Question

12, find the area bounded the region by 9x = y2 and x = 4, in the first quadrant.
Please answer the 12th question only

Answer 1

Answer:

I hope it helps

Answer 2

Topic :-

Area under Curve

To Find :-

The area of region bounded by the curve 9x = y² and x = 4, in the first quadrant.

Solution :-

The given curve represented by the equation 9x = y² is a parabola symmetrical about x-axis.

The given curve represented by the equation x = 4 is a line parallel to y-axis.

We will calculate its area by taking a vertical strip of length 'dx'.

So,

Area under a curve while using a vertical strip =

$\displaystyle \int_{a}^{b}ydx$

Here,

• a = 0
• b = 4
• y² = 9x
• y = 3√x

We are taking positive value of the 'y' as we have to find the area in first quadrant.

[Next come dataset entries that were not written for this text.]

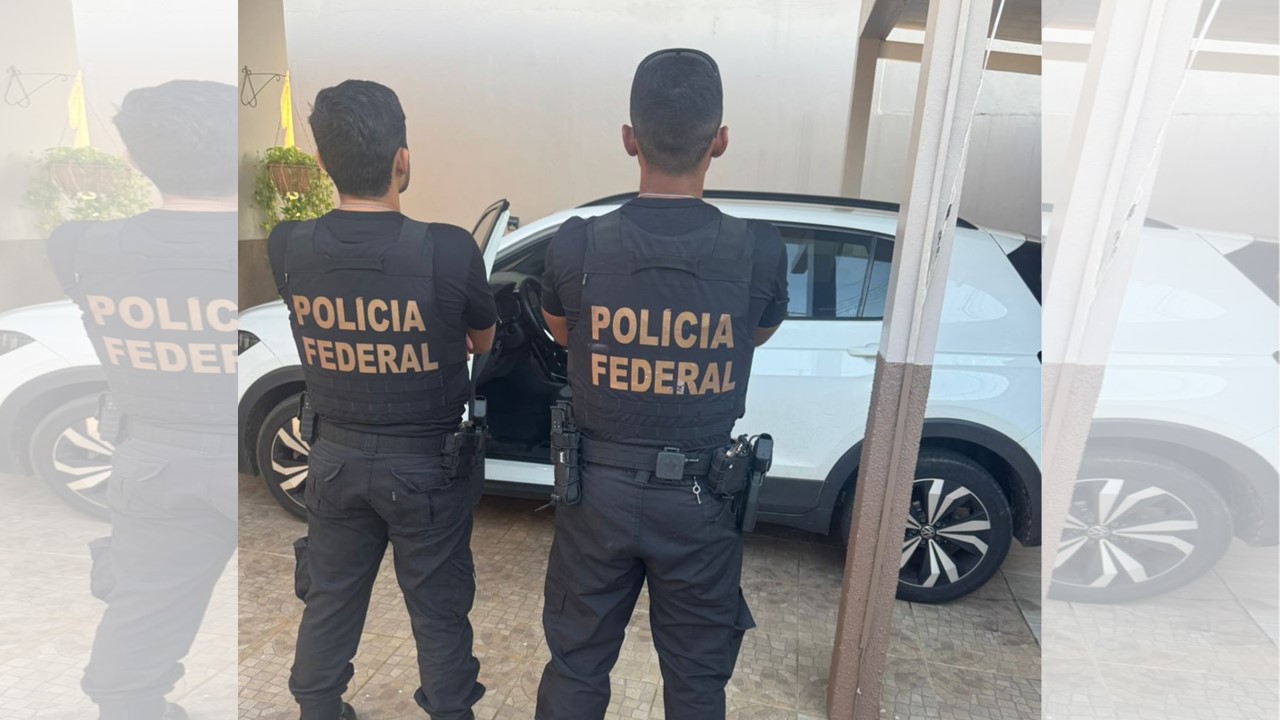 EM RONDÔNIA: PF atua contra fraudes em financiamentos de veículos 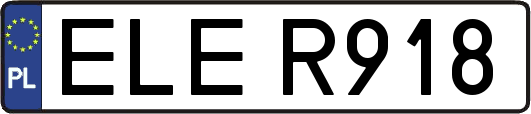 ELER918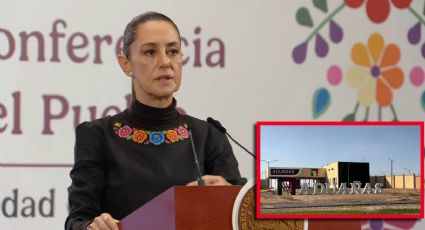 Sheinbaum confirma fecha para la inauguración de la ANAM en Nuevo Laredo: 'muy pronto entrará en operación'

Putting the values in formula,

$\displaystyle \int_{0}^{4}3\sqrt{x}\:dx$

$3\displaystyle \int_{0}^{4}\sqrt{x}\:dx$

$3\left [\dfrac{2x^{3/2}}{3} \right ]_0^4$

$3\left [\dfrac{2(4)^{3/2}}{3}-\dfrac{2(0)^{3/2}}{3} \right ]$

$3\left [\dfrac{2(2^2)^{3/2}}{3}-0 \right ]$

$3\left [\dfrac{2(2)^{3}}{3} \right ]$

$3\left [\dfrac{16}{3} \right ]$

$16$

Answer :-

So, the area of region bounded by the curve 9x = y² and x = 4, in the first quadrant is 16 square units.